Я пишу тебе сегодня, мой милый Щербатов, не из желания сообщить тебе вести о себе, скорее меня просто влечет желание сообщаться с тобой и хоть минуту с тобой побеседовать, и я не могу противиться этому желанию. Я еще не знаю даже точно, что мне сказать тебе, но мне непременно нужно говорить с тобой. С тех пор как я тебя оставил, тысячу раз я вспоминал те моменты, когда мы были вместе. Не спеши, однако, выказать мне твое сожаление по этому поводу, я его вовсе не заслужил, мой милый друг. Я думал, что наша разлука, которая причиняет мне столько огорчений и которую я по временам проклинаю, вовсе не исправила меня от моей неблагодарности; отдавая справедливость себе, я чувствую, что, если бы я имел счастье быть подле тебя, я не имел бы здравого смысла, чтобы им пользоваться, и раз судьба не допускает моего благополучия, то так ли оно и важно? И, может быть, лучше, если я умру вдали от людей, которых я нежно люблю и которые интересуются мною, чем страдать в их присутствии, не имея никогда возможности ничего им сказать. Если я не ошибаюсь, чем больше будет сумятицы в моей жизни, тем более будет она для меня переносима.

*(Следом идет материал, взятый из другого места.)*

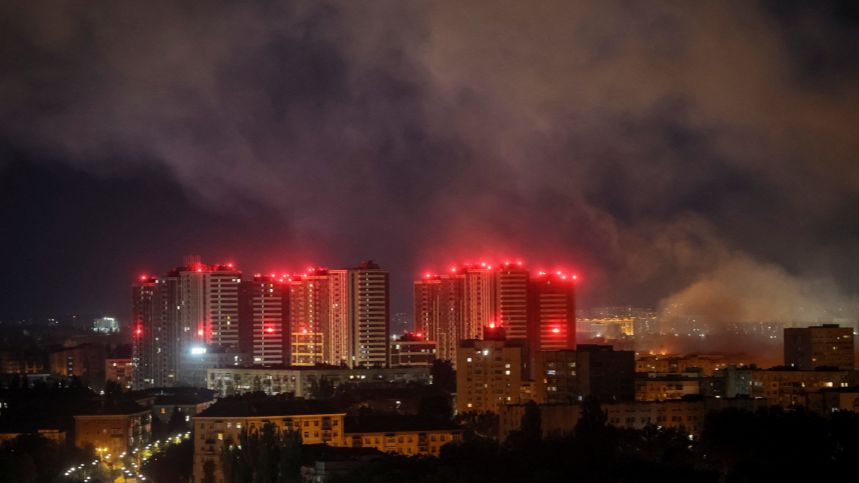 ПВО молчат, Зеленский ищет виноватых: по военным целям в Киеве и области нанесли мощные удары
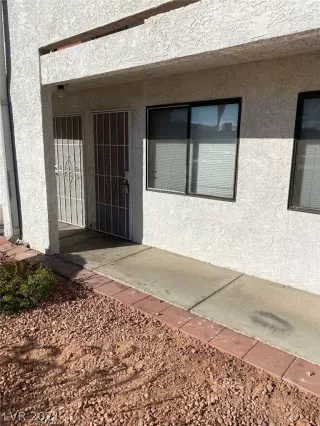 Photo #1: 2354351 Listing 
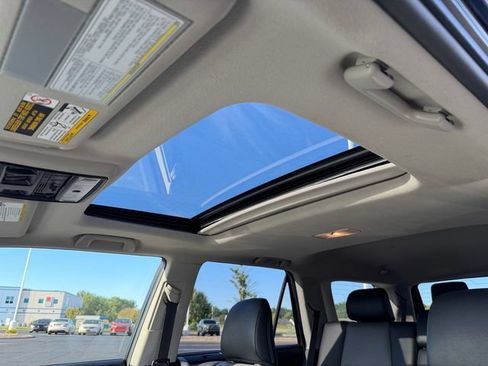 Certified 2021 Toyota 4Runner SR5 Premium w/ Moonroof Package AWD/4WD image 36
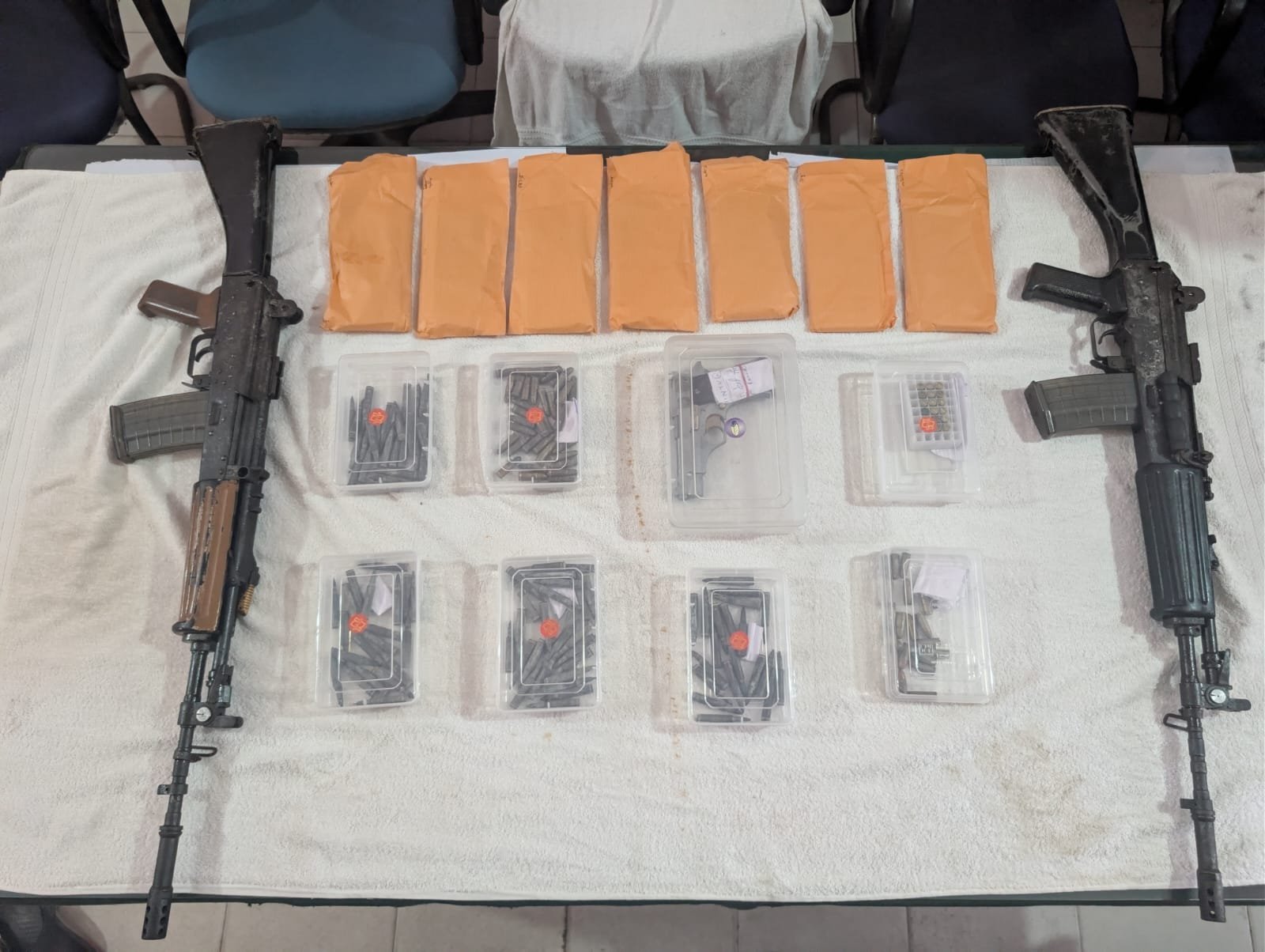 हजारीबाग में पुलिस की बड़ी कार्रवाई: TSPC के 8 उग्रवादी हथियारों के साथ गिरफ्तार 1 WhatsApp Image 2026 03 22 at 8.17.31 P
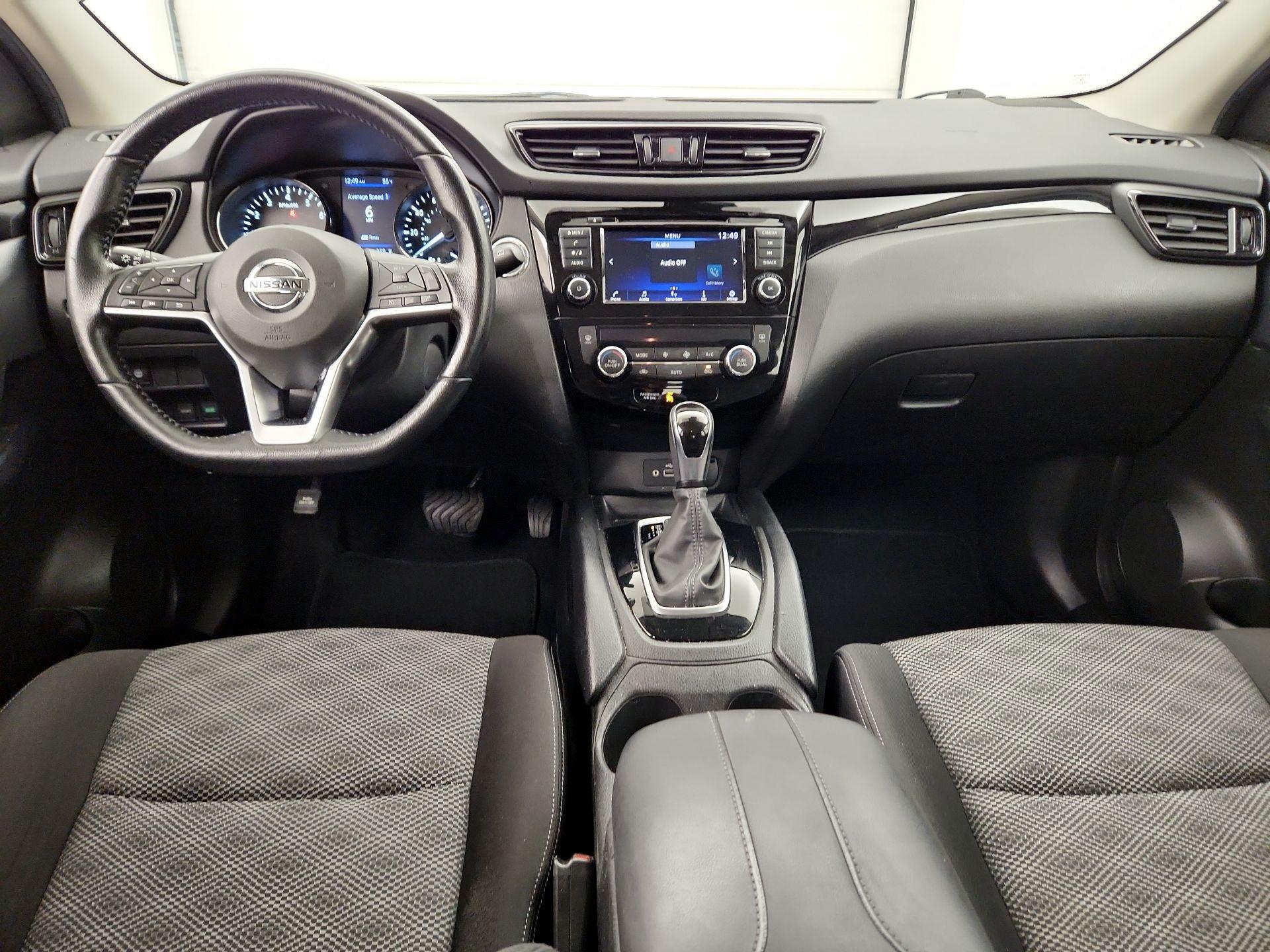 Thumbnail: 2021 Nissan Rogue Sport - 9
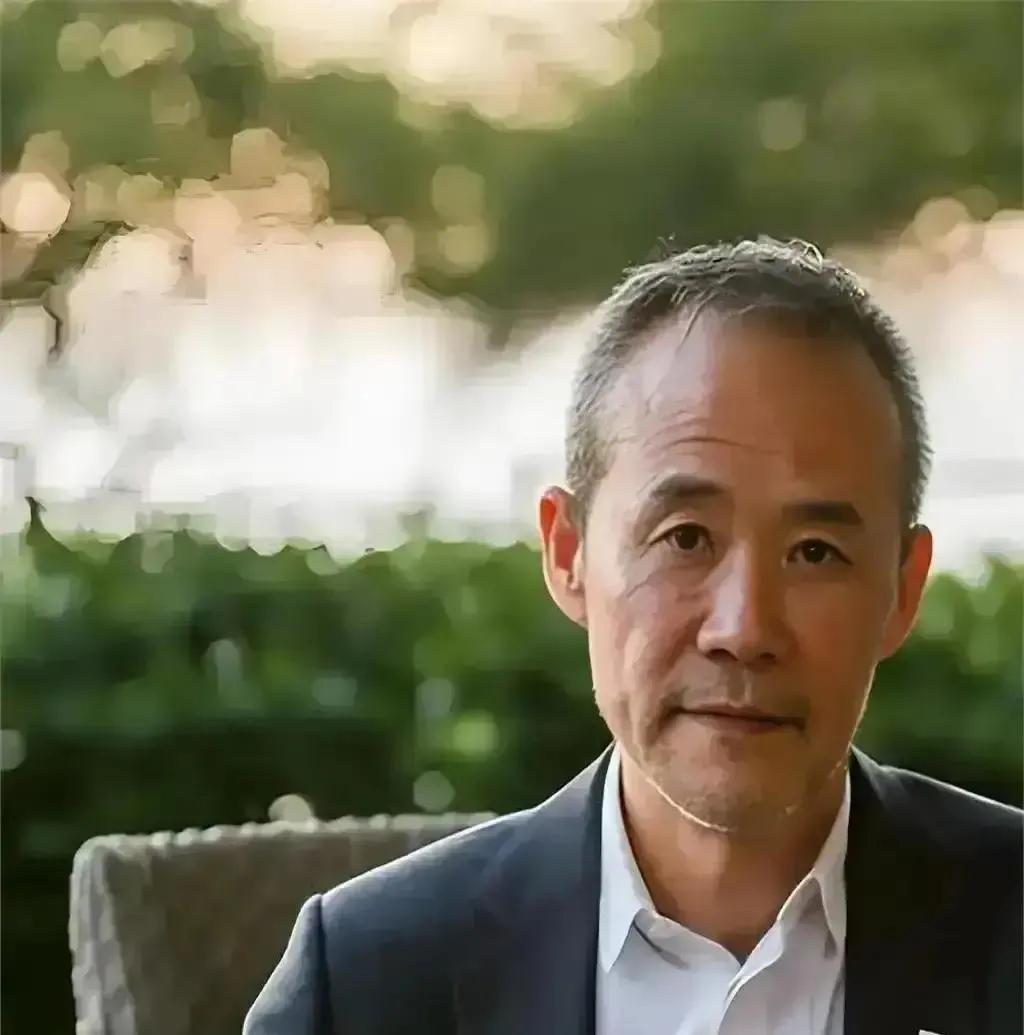 离婚前三天，他把全部房产过户给现任。王石把万科股票留给前妻，婚房却只写田朴珺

Прощай, мой милый друг, мне нечего тебе много писать, я могу писать только очень немногое. Прощай. Я не запечатываю этого письма и, может быть, напишу тебе еще…

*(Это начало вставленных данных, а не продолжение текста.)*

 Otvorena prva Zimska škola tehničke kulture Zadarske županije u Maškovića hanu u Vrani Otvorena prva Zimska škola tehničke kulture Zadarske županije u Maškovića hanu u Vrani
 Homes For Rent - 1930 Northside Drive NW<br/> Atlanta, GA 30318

Перечитывая это письмо, я хотел было тебе его не посылать, настолько оно мне показалось эгоистичным, но я не решился этого сделать, рассчитывая на твою дружбу ко мне и обещая тебе на будущее не говорить больше с тобой в таком тоне… Прощай, мой милый друг, обнимаю тебя, так же как Чаадаевых, Муравьевых и С. Трубецкого. Прощай.

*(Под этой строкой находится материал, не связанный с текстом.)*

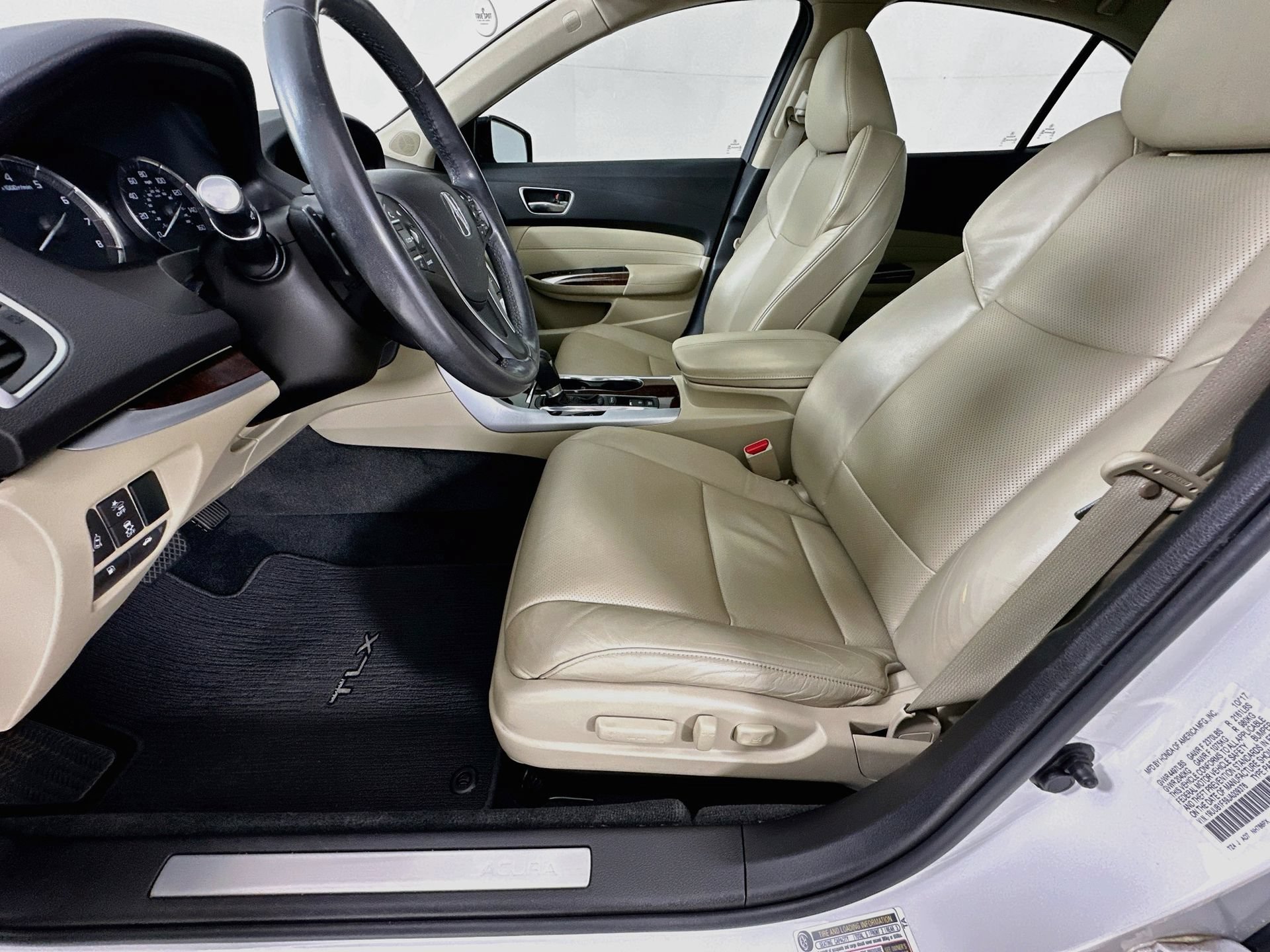 Used 2018 Acura TLX w/ Technology Package FWD image 22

Переписка ведется на французском языке; перевод чувствуется. Он был, понятно, затруднен тем обстоятельством, что надо было искать адекватные обороты и словосочетания в том русском языке, который был в ходу среди определенного круга в ту пору, к которой относится переписка. Отсюда, скорее всего, и тот оттенок какой-то как бы стилизации под «карамзинизм», который заметно снижает в русском переводе ощущение непосредственности контакта с источником и даже способен привносить в стилистику источника определенный эмоционально-психологический акцент. А вместе с тем нельзя, конечно, не почувствовать и тот накал эмоциональной перенапряженности, который со столь видимым усилием воли и столь же тщетно стремится хоть как-то остудить и приморозить, оледенить автор письма. Это, несомненно, ситуация эмоционально-нравственного стресса, как мы бы теперь сказали, — когда страсти в душе, как говорится, кипят, рвутся наружу, не находят выхода и грозят взорвать всю систему психологической блокады, удерживающую их в каких-то допустимых пределах и рамках, и вырваться наружу в неконтролируемом аффекте. Вот, в сущности, то внутреннее «состояние невозможности», в котором находится автор письма, то самое «знаменитое» сочетание «пламени и льда», которое, имея вид какого-то корректного трагизма и контролируемого отчаяния, всегда чревато разрушительным и саморазрушительным взрывом, катастрофой.